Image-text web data

++++++++

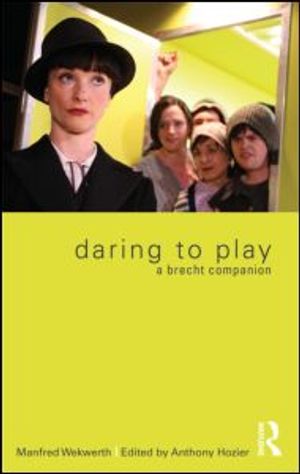 Daring to Play: A Brecht Companion Cover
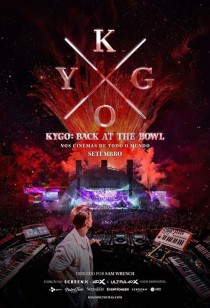 Poster filme Kygo: Back at The Bowl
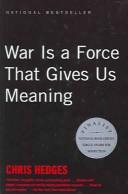Cover of: War Is a Force That Gives Us Meaning by Chris Hedges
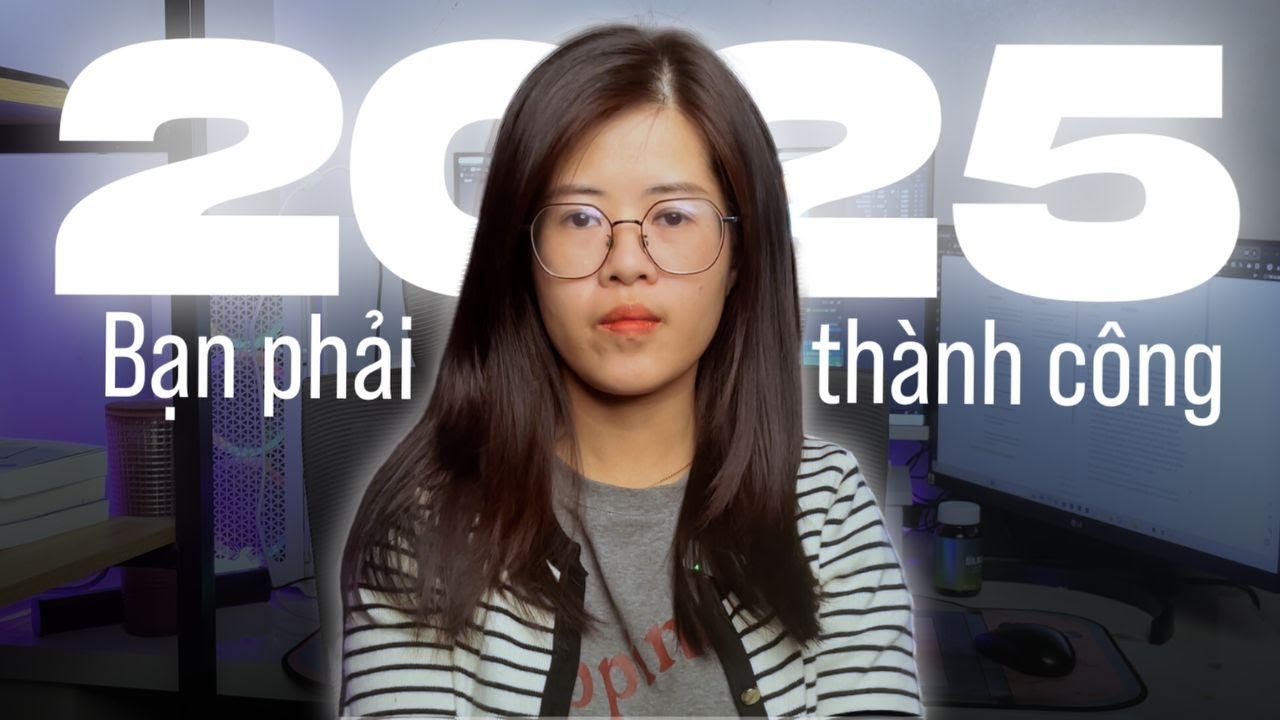 Video 6 Phút Này Sẽ Thay Đổi Hoàn Toàn Cuộc Đời Bạn Trong Năm 2025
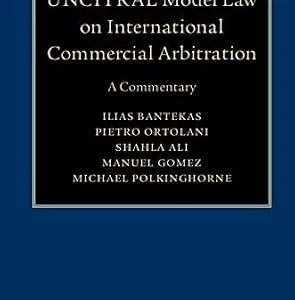 خرید و دانلود نسخه کامل کتاب زبان اصلی UNCITRAL Model Law on International Commercial Arbitration: A Commentary | دانلود کتاب خارجی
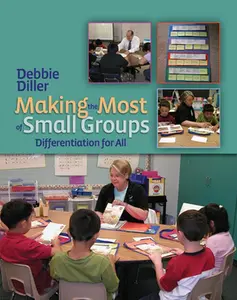 Making the Most of Small Groups: Differentiation for All -- Debbie Diller, Paperback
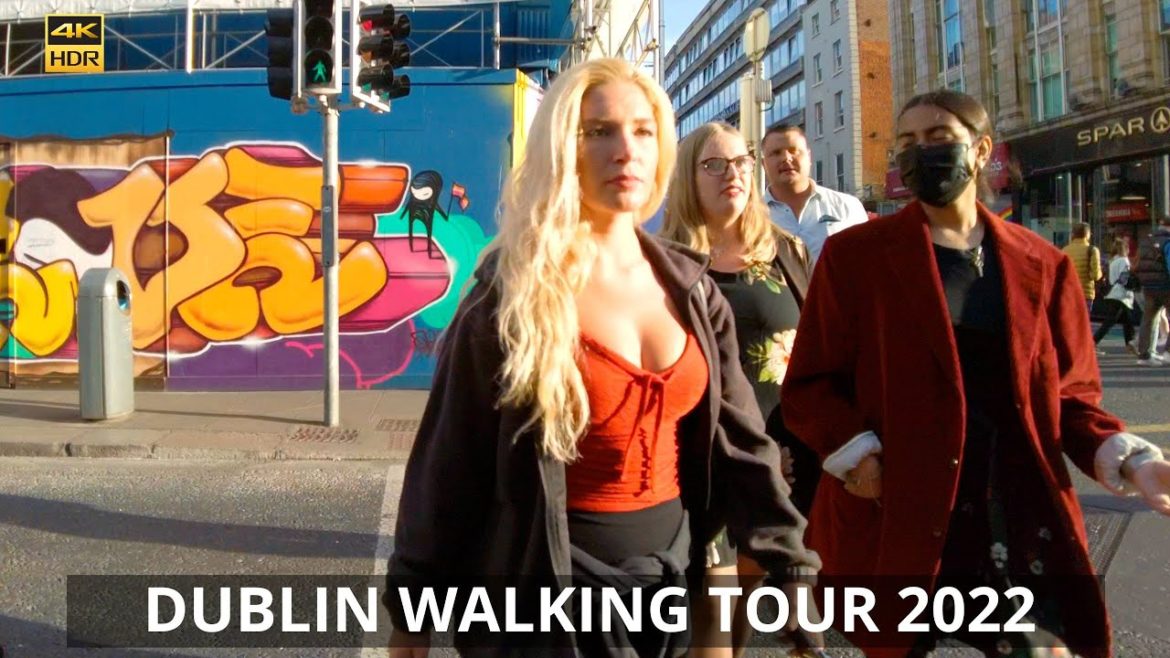 DUBLIN IRELAND WALKING TOUR 7:00 P.M. in AUGUST 2022 DUBLIN IRELAND WALKING TOUR 7:00 P.M. in AUGUST 2022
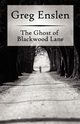 The Ghost of Blackwood Lane, Enslen Greg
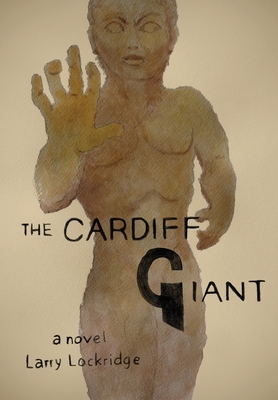 Coperta cărții 'The Cardiff Giant - Larry Lockridge'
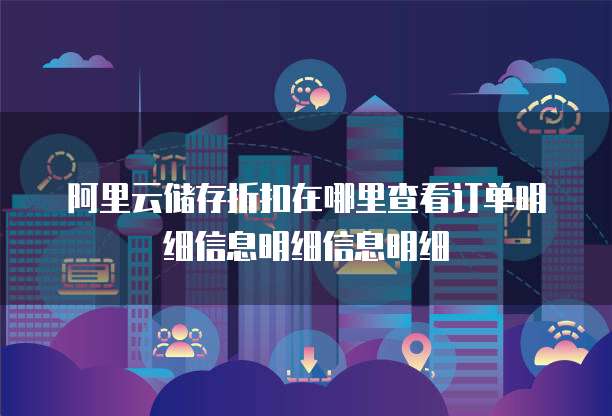 阿里云储存折扣在哪里查看订单明细信息明细信息明细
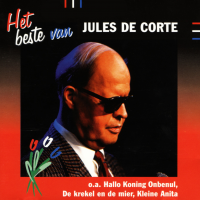 Jules De Corte - Het beste van Jules de Corte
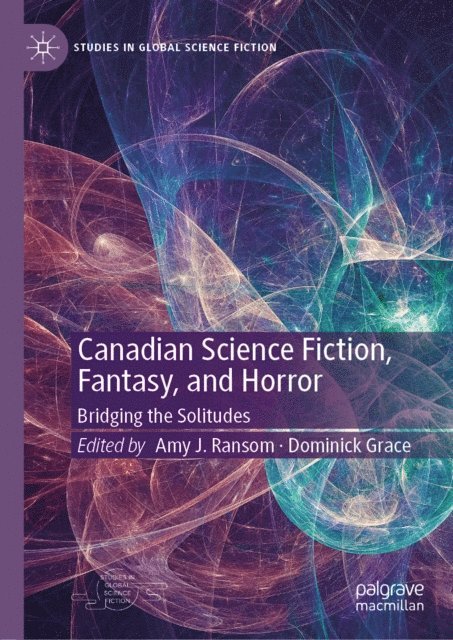 Dominick Grace, Amy J. Ransom - Canadian Science Fiction, Fantasy, and Horror, E-bok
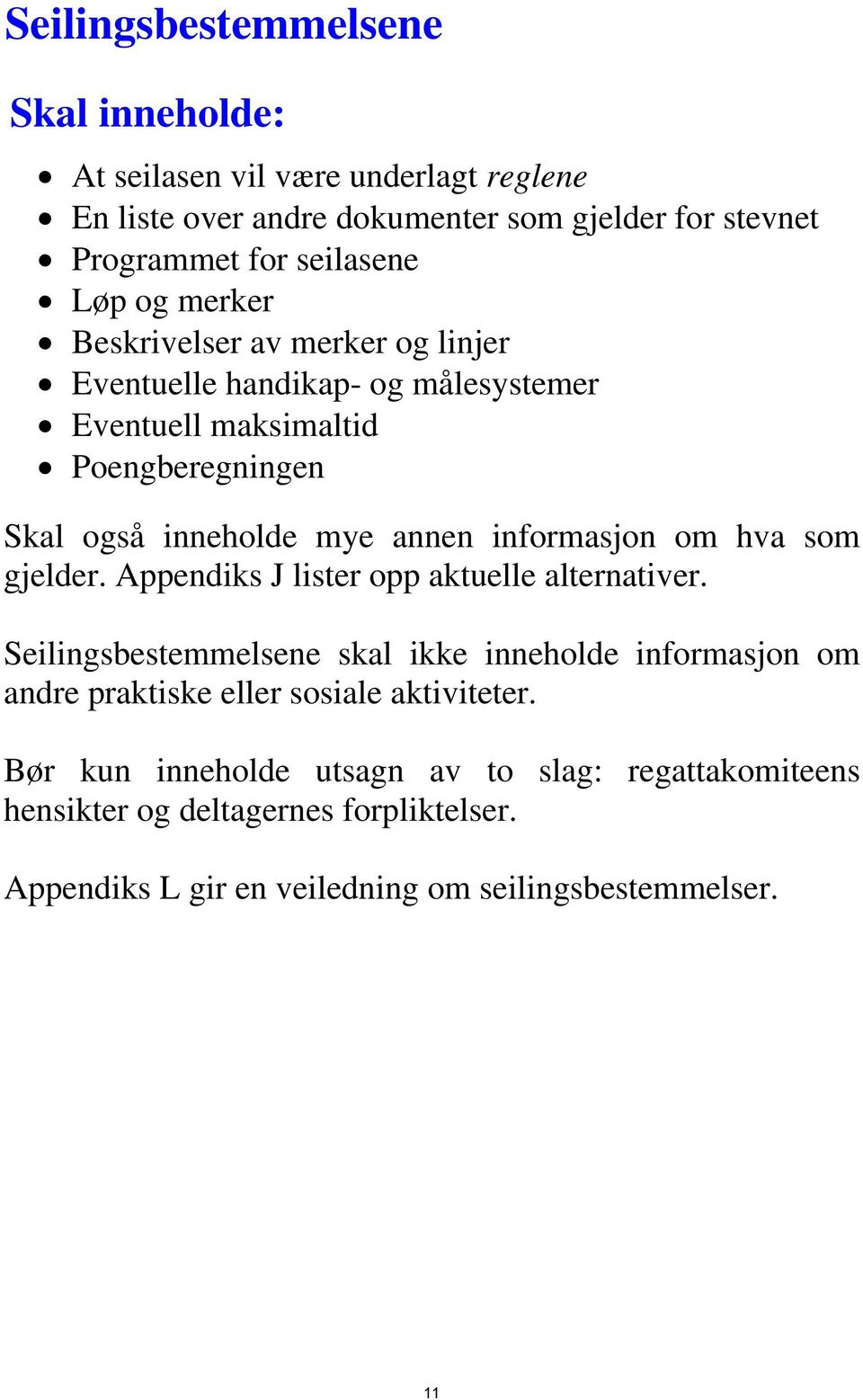 informasjon om hva som gjelder. Appendiks J lister opp aktuelle alternativer.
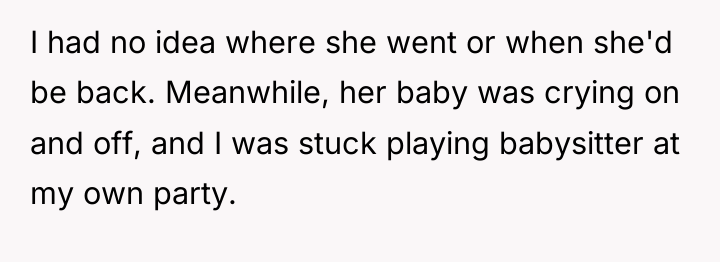 I had no idea where she went or when she'd...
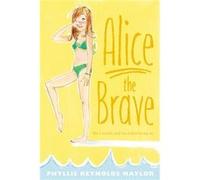 Alice the Brave 7 by Phyllis Reynolds Naylor Phyllis Reynolds Naylor (Auteur)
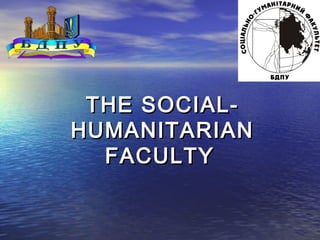 THE SOCIAL-
HUMANITARIAN
  FACULTY
 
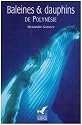 Baleines et dauphins de Polynésie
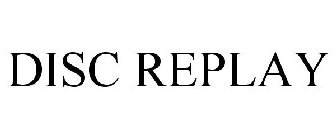 DISC REPLAY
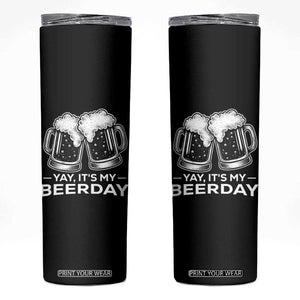 Yay Its My Beerday Skinny Tumbler Funny Birthday Party Gift For Beer Lovers TS12 Black Print Your Wear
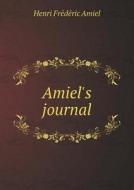 Amiel's Journal di Humphry Ward, Henri Fre De Ric Amiel edito da Book On Demand Ltd.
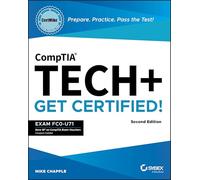 Comptia Tech+ Certmike: Prepare. Practice. Pass the Test! Get Certified!: Exam Fc0-U71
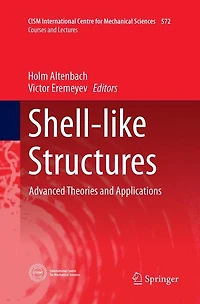 Shell-like Structures: Advanced Theories and Applications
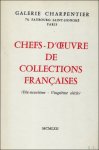 CATALOGUE. - CHEFS D' OEUVRE DE COLLECTIONS FRANCAISES. (DIX - NEUVIEME - VINGTIEME SIECLE)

++++++++

◆ **WHAT IS EXPECTED**: The records above should be repeated exactly, with no pictures in the copy.

◆ **EXERCISE RESPONSE**:
 Daring to Play: A Brecht Companion Cover
 Poster filme Kygo: Back at The Bowl
Cover of: War Is a Force That Gives Us Meaning by Chris Hedges
 Video 6 Phút Này Sẽ Thay Đổi Hoàn Toàn Cuộc Đời Bạn Trong Năm 2025
 خرید و دانلود نسخه کامل کتاب زبان اصلی UNCITRAL Model Law on International Commercial Arbitration: A Commentary | دانلود کتاب خارجی
 Making the Most of Small Groups: Differentiation for All -- Debbie Diller, Paperback
 DUBLIN IRELAND WALKING TOUR 7:00 P.M. in AUGUST 2022 DUBLIN IRELAND WALKING TOUR 7:00 P.M. in AUGUST 2022
 The Ghost of Blackwood Lane, Enslen Greg
 Coperta cărții 'The Cardiff Giant - Larry Lockridge'
 阿里云储存折扣在哪里查看订单明细信息明细信息明细
 Jules De Corte - Het beste van Jules de Corte
 Dominick Grace, Amy J. Ransom - Canadian Science Fiction, Fantasy, and Horror, E-bok
 informasjon om hva som gjelder. Appendiks J lister opp aktuelle alternativer.
 I had no idea where she went or when she'd...
 Alice the Brave 7 by Phyllis Reynolds Naylor Phyllis Reynolds Naylor (Auteur)
 THE SOCIAL-
HUMANITARIAN
  FACULTY
 
 Baleines et dauphins de Polynésie
 DISC REPLAY
 Yay Its My Beerday Skinny Tumbler Funny Birthday Party Gift For Beer Lovers TS12 Black Print Your Wear
 Amiel's Journal di Humphry Ward, Henri Fre De Ric Amiel edito da Book On Demand Ltd.
 Comptia Tech+ Certmike: Prepare. Practice. Pass the Test! Get Certified!: Exam Fc0-U71
 Shell-like Structures: Advanced Theories and Applications
 CATALOGUE. - CHEFS D' OEUVRE DE COLLECTIONS FRANCAISES. (DIX - NEUVIEME - VINGTIEME SIECLE)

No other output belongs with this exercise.